Menschen in einem Käfig und die Ehe als Käfig

Das surrealistische Bild in Derek Jarmans "Wittgenstein" (1993), das den gleichnamigen Philosophen mit einem Vogel gemeinsam in einem Käfig zeigt, ist mehrdeutig. Es kann sich sowohl auf die illegale Liebe zu Johnny als auch auf die im eigenen Körper gefangene Seele beziehen.

Die Einschränkungen durch einen Käfig lassen sich mit denen einer Ehe vergleichen: "Ich finde nicht, dass wir zusammenleben, wir bewohnen nur denselben Käfig", sagt Maggie Pollitt (D: Elizabeth Taylor) in "Die Katze auf dem heißen Blechdach" (1958) zu ihrem (schwulen) Ehemann. Vergleichbar sind auch der Vogel in einem Käfig im Kontext der Ehe eines Schwulen in "Lilies" (1996) und der Tanzkäfig in einer Schwulendisco in der Folge "Im Pärchen-Koma" aus der Sitcom-Serie "How I Met Your Mother" (Folge 2/10, 2006).

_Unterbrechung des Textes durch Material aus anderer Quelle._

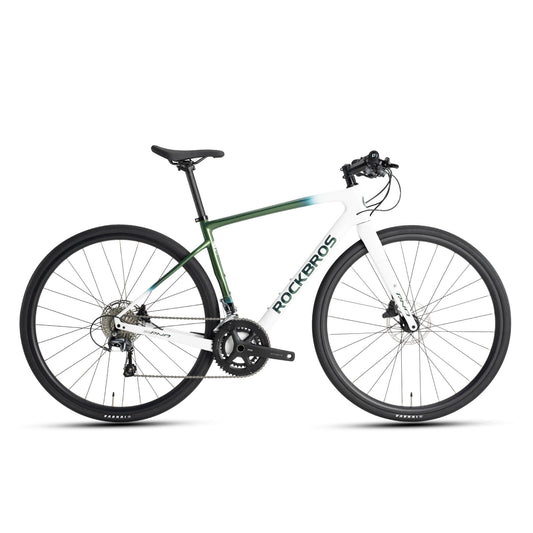 RND - SHIMANO TIAGRA R4700 Rennrad - Farbverlauf in Grün / L(700C*473)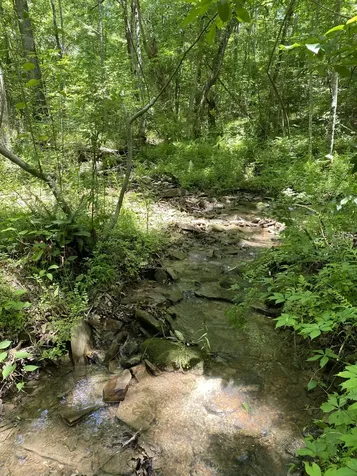 118 Cherokee Road Spencer TN 38585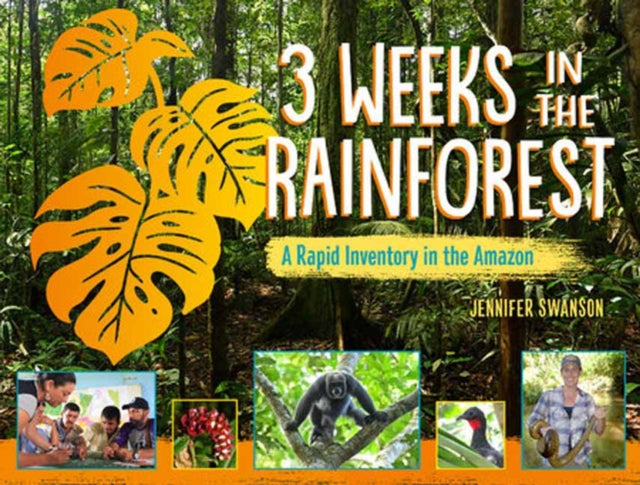 3 Weeks In The Rainforest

Herumphilosophieren über einen Käfig im Käfig in "Wittgenstein" (1993)

Schwule Ornithologen

Mindestens in zwei Filmen mit schwulem Inhalt treten Ornithologen (Vogelkundler) auf. Zum einen im Film "Swoon" (1992), der die Geschichte der (realen) Mörder Nathan Leopold und Richard Loeb erzählt, wobei Leopold im wirklichen Leben ein Ornithologe war. In diesem Film wird ein Vogel aus der Unterhose geholt und bekommt dadurch auch eine phallisch-symbolische Bedeutung. Zum anderen meine ich Fernando, der in "Der Ornithologe" (2017, 1:10 Min., hier Trailer online) in Portugal auf der Suche nach seltenen Vögeln ist. Unterwegs lernt er sehr unterschiedliche Menschen kennen, wie betrunkene Schamanen und Lesben, die ihn kastrieren wollen. Er lässt sich auf Sex mit einem stummen Ziegenhirten ein und versucht später erfolglos, seinen Lebenspartner Sérgio anzurufen. Queer.de riet in einer Rezension: "Vor dem Kinobesuch informieren – oder kiffen."

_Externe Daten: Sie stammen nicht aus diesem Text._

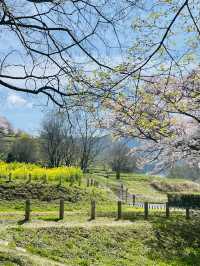 【奈良県】桜が美しい春の国営飛鳥歴史公園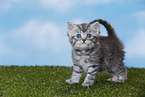 British Shorthair Kitten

"Vögeln" und weitere Bedeutungen

In der deutschen Sexkomödie "Die liebestollen Apothekerstöchter" (1972) verabreden sich zwei Schwule zum Sex: "Auf ins Gebüsch, zu den Vögeln." Es ist selten, dass ein assoziierter Zusammenhang mit dem umgangssprachlichen Ausdruck "vögeln" im Sinne von Sex so deutlich ausfällt.

Zu den weiteren symbolischen Bedeutungsebenen, die sich aus den Filmen nicht direkt erschließen, gehören die Fasanenfedern aus einem Rabennest in "You are not alone" (1978) und die Erinnerung an eine Vogelfeder in "Time to shine, Mr Walter" (2011, 2:55-4:10 Min., hier online).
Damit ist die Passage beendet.